Why does SQL standard allow duplicate rows?

7.2k views Asked by At

One of the core rules for the relational model is the required uniqueness for tuples (rows):

Every individual scalar value in the database must be logically addressable by specifying the name of the containing table, the name of the containing column and the primary key value of the containing row.

In a SQL world, that would mean that there could never exist two rows in a table for which all the column values were equal. If there was no meaningful way to guarantee uniqueness, a surrogate key could be presented to the table.

When the first SQL standard was released, it defined no such restriction and it has been like this ever since. This seems like a root for all kind of evil.
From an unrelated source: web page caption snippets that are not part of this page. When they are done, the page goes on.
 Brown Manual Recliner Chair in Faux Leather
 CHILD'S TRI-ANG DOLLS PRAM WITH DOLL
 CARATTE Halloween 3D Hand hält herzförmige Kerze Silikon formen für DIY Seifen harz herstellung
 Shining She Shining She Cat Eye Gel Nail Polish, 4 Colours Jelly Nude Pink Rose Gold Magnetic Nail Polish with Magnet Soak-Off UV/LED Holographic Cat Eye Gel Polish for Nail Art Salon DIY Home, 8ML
Is there any meaningful reason why it was decided to be that way? In a practical world, where could an absence of such restriction prove to be useful? Does it outweigh the cons?

7

There are 7 answers

0
Ben On BEST ANSWER

You're assuming that databases are there solely for storing relational data; that's certainly not what they're used for because practical considerations will always win.
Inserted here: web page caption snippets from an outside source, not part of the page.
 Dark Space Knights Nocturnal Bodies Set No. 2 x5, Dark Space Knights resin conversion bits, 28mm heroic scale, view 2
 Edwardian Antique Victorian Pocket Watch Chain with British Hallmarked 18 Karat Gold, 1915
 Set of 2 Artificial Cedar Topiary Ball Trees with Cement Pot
A obvious example where there's no need for a primary key would be a "state" log of some description (weather/database/whatever). If you're never going to query a single value from this table you may not want to have a primary key in order to avoid having to wait for an insert into the key. If you have a use-case to pick up a single value from this table then sure, this would be a bad solution, but some people just don't need that. You can always add a surrogate key afterwards if it becomes absolutely necessary.

Another example would be a write intensive application needs to tell another process to do something. This secondary process runs every N minutes/hours/whatever. Doing the de-duplication on N million records as a one off is quicker than checking for uniqueness on every insert into the table (trust me).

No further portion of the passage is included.